I’ve been reflecting a bit on the epistemological nature of historical study. I was prompted in this line by two items. The first and best is the historiographical reflections in Ian Mortimer’s Medieval Intrigue: Decoding Royal Conspiracies (2012. London: Continuum). The second was last night as we viewed a documentary by Arnon Goldfinger entitled The Flat (2011. Ruth Diskin Films).
In his introduction, Mortimer explores the question of historical objectivity, the question of biographical history, and presents his thinking around the use of biographical and information analysis to arrive at a better understanding of history. In this discussion he says:
If we are interested in an individual event, be it political or routine, then we are concerned with the individual (or individuals) who took part in the event, and that ultimately means we are engaged in a biographical enquiry. When we study an individual biographically, we adopt a deliberately narrow or sympathetic view, in order to try and understand shy he or she did something from his or her own point of view.
Mortimer, 8-9.
This question of point of view is interesting and for the historian should raise questions about what is knowable. Mortimer reports the words of Janet Nelson that I think speak to this challenge:
I take life-writing to involve trying as hard as possible, even if that means sailing close to the imaginative wind, and certainly into the eye of the speculative storm, to make the acquaintance of my subject as a person, to guess plausibly, if no more, at what made him tick — as Frank Barlow did with Becket…

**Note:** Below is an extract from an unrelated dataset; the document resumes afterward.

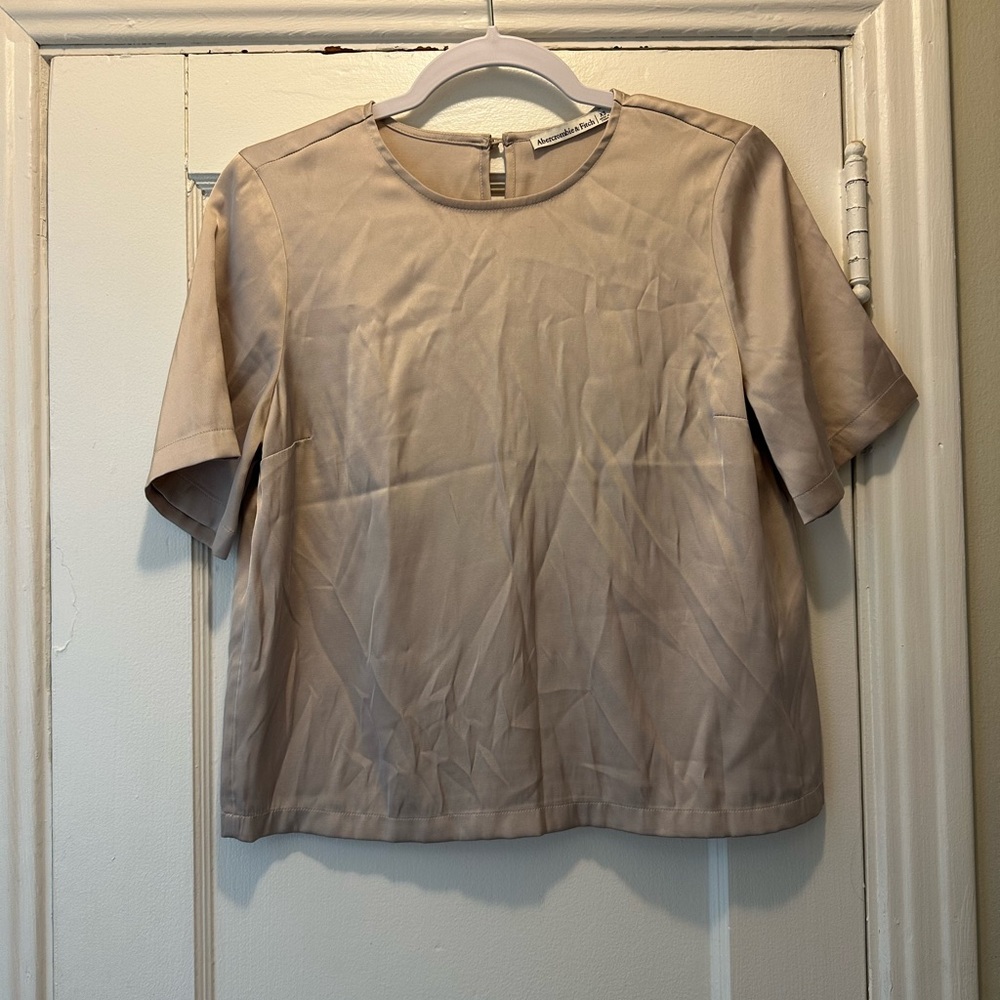 Abercrombie & Fitch Neutral Top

Bates, Crick and Hamilton (eds), Writing Medieval Biography 750-1250, 16; Harriss, Cardinal Beaufort, v.
In Goldfinger’s documentary, The Flat, he explores this question in some detail when he discovers evidence of a lasting friendship between his Jewish grandparents and a German couple with ties to the Third Reich. The documentary went a bit off the rails for us as Goldfinger apparently failed to understand the significance of point of view. It was interesting how he appeared to not understand that his point of view was not, and could not be, identical to that of his grandparents.
This is an important point, I think. As we study the past, and “make the acquaintance of [our] subject as a person,” it can sometimes be challenging to put aside our own preconceived notions and listen to what we can know about how people moved through their own lives. In many respects, as Mortimer discusses later in his book, we can become trapped in the histories we believe to be true. This can leave those same histories impoverished as we find mitigating or altering information streams. In Mortimer’s case, his research of the information streams around various accepted historical events, creates questions about those events. The questions are often not acceptable to those who have invested emotionally in the accepted history. In Goldfinger’s historical investigation, he appeared to flounder at the point where the information streams became apparently conflicted and certainly conflicted with the typical pattern. He seemed to tap the edges of awareness that there were parts of the history that were inaccessible. In the end, however, he seemed to lose a sense of objectivity and expressed a need to force people to see a perspective without reference to the limits of his knowledge.
I am fascinated by this tension between the established history and the limits of our knowledge. I find Mortimer’s historiographical approach very attractive as it provides a way to analyse the evidence we have and perhaps come closer to understanding the point of view of the subject of our study. In this case, our learning is more complete and can better inform our understanding of the world and the society in which we live.